**TASK ITEM:**
Return each entry below word for word, leaving out any image.

Captioned web image data:
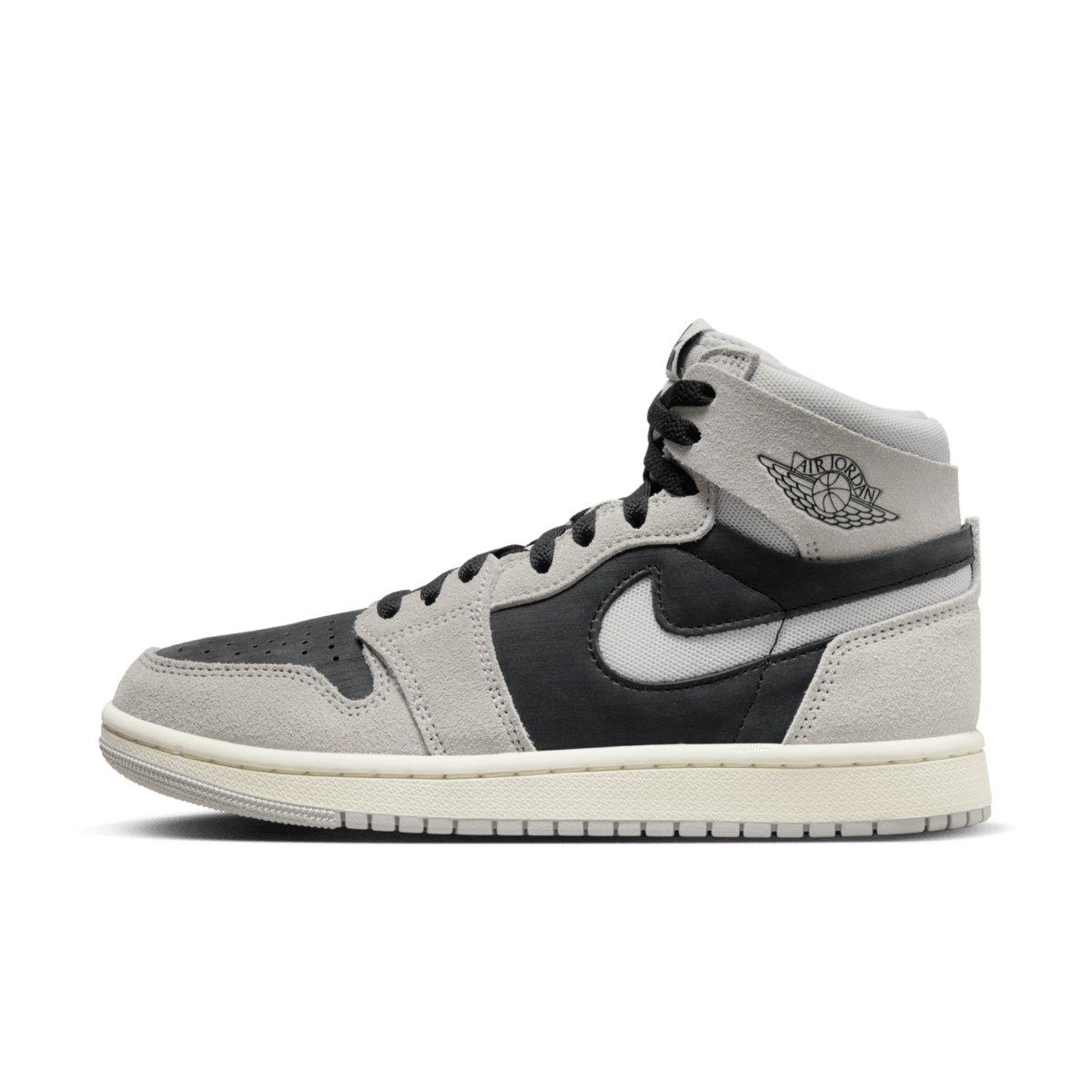 Air Jordan 1 High Zoom Comfort 2 WMNS 'Light Iron Ore' DV1305-001
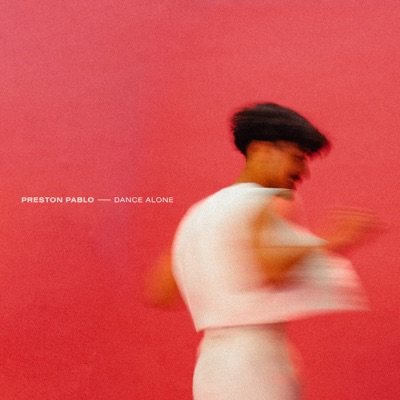 PRESTON PABLO - DANCE ALONE Album Art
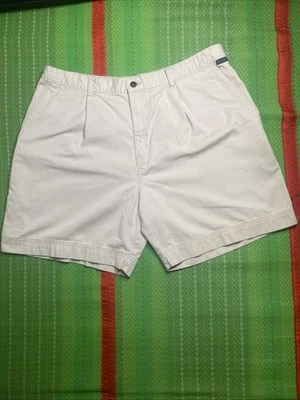 Pantalones Cortos de Pesca KAHALA Vintage Para Hombre Crema Talla 40 Isla Foto 1 de 4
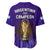 Argentina Football Baseball Jersey La Albiceleste Campeon Proud Purple 2022 - Wonder Print Shop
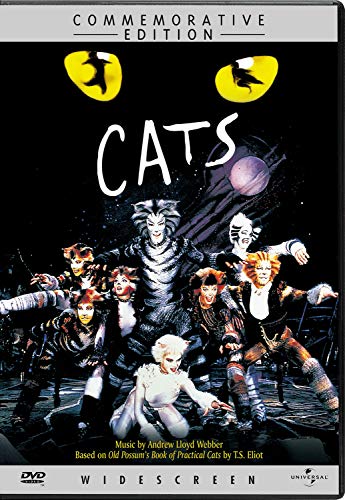 CATS: THE MUSICAL (COMMEMORATIVE EDITION)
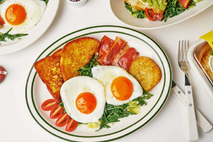 [오늘자신상]에그드랍, 디즈니코리아와 협업한 ‘써니 사이드 브런치’ 신메뉴 출시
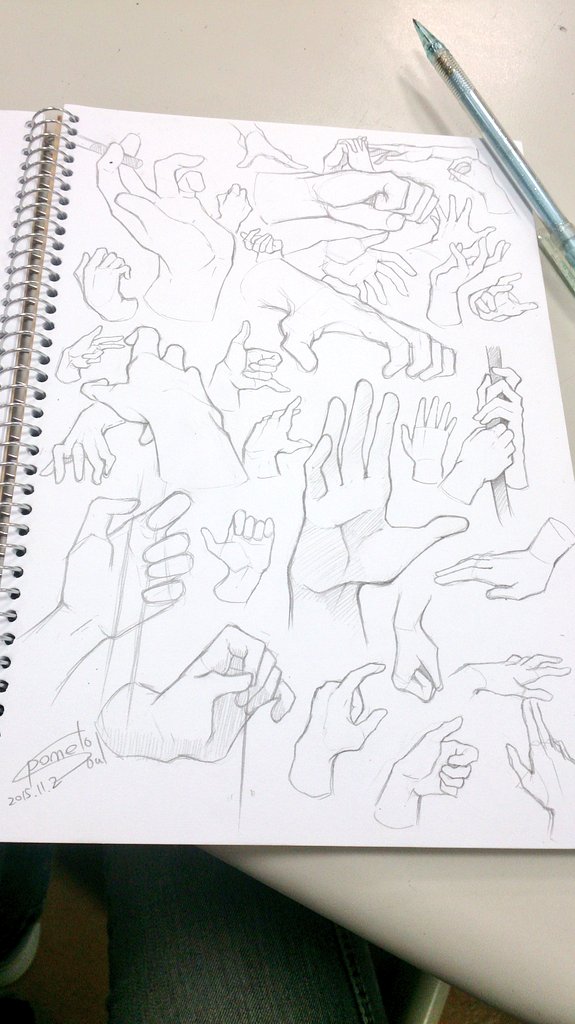 練習～～ 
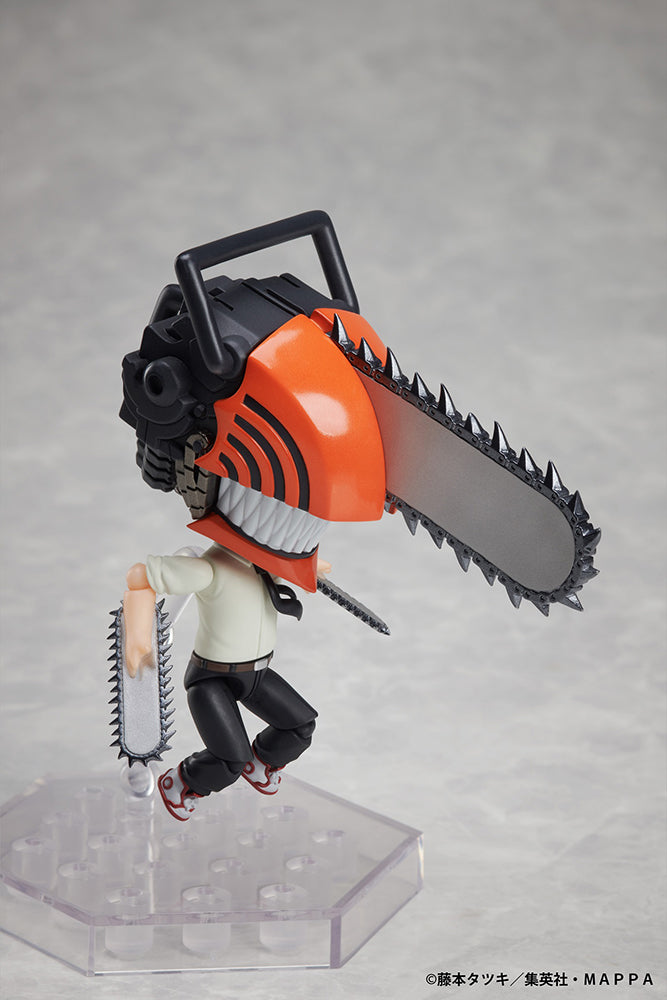 (PRE-ORDER) Chainsaw Man DFORM＋ Chainsaw Man Deforme Action Figure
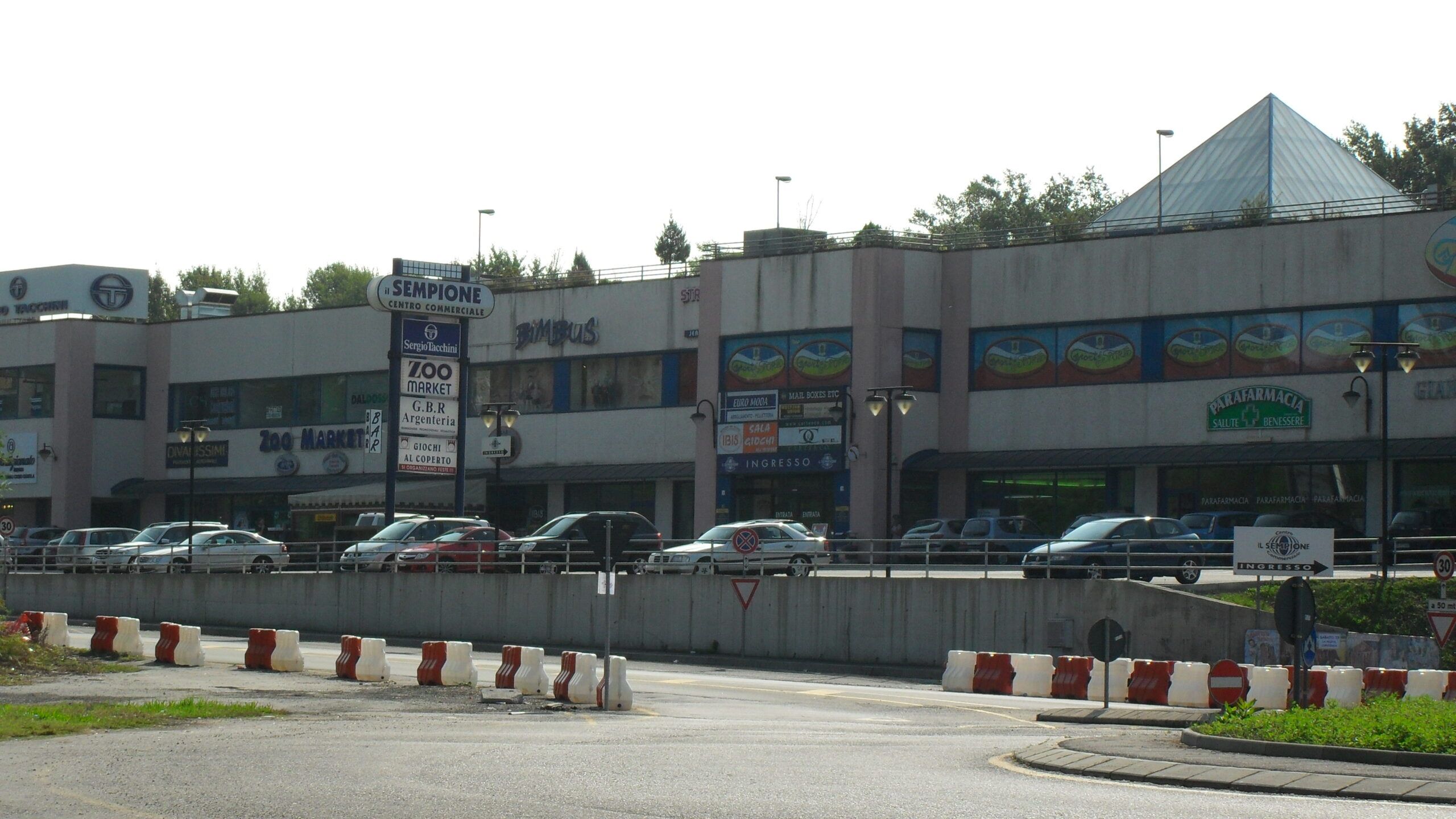 Impresa edile GALLO & VILLELLA a Borgo Ticino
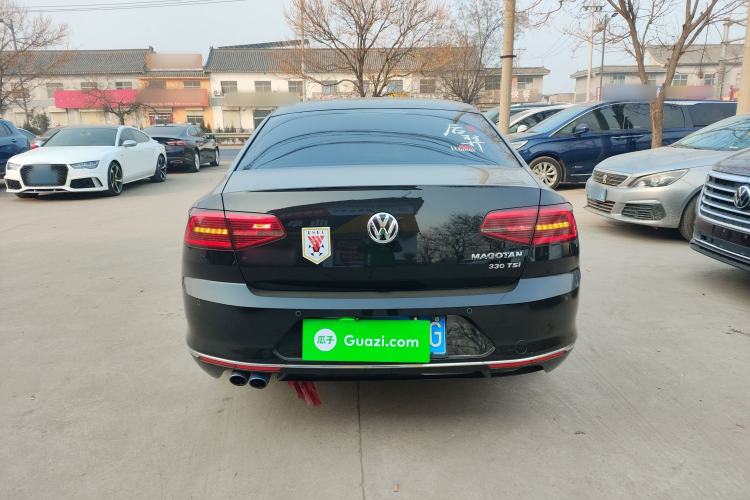 Used Volkswagen Magotan 2018 330TSI DSG Advanced Model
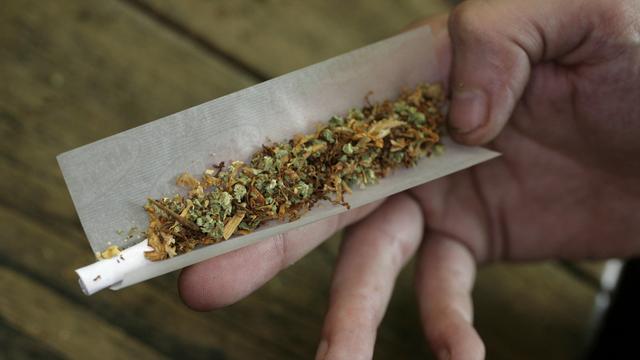 Le cannabis reste la drogue la plus prisée chez les adolescents européens, dont 17% déclarent en avoir déjà consommé. [AP Photo/Peter Dejong]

**EXERCISE ANSWER:**
 Air Jordan 1 High Zoom Comfort 2 WMNS 'Light Iron Ore' DV1305-001
 PRESTON PABLO - DANCE ALONE Album Art
 Pantalones Cortos de Pesca KAHALA Vintage Para Hombre Crema Talla 40 Isla Foto 1 de 4
 Argentina Football Baseball Jersey La Albiceleste Campeon Proud Purple 2022 - Wonder Print Shop
 CATS: THE MUSICAL (COMMEMORATIVE EDITION)
 [오늘자신상]에그드랍, 디즈니코리아와 협업한 ‘써니 사이드 브런치’ 신메뉴 출시
 練習～～ 
 (PRE-ORDER) Chainsaw Man DFORM＋ Chainsaw Man Deforme Action Figure
 Impresa edile GALLO & VILLELLA a Borgo Ticino
 Used Volkswagen Magotan 2018 330TSI DSG Advanced Model
 Le cannabis reste la drogue la plus prisée chez les adolescents européens, dont 17% déclarent en avoir déjà consommé. [AP Photo/Peter Dejong]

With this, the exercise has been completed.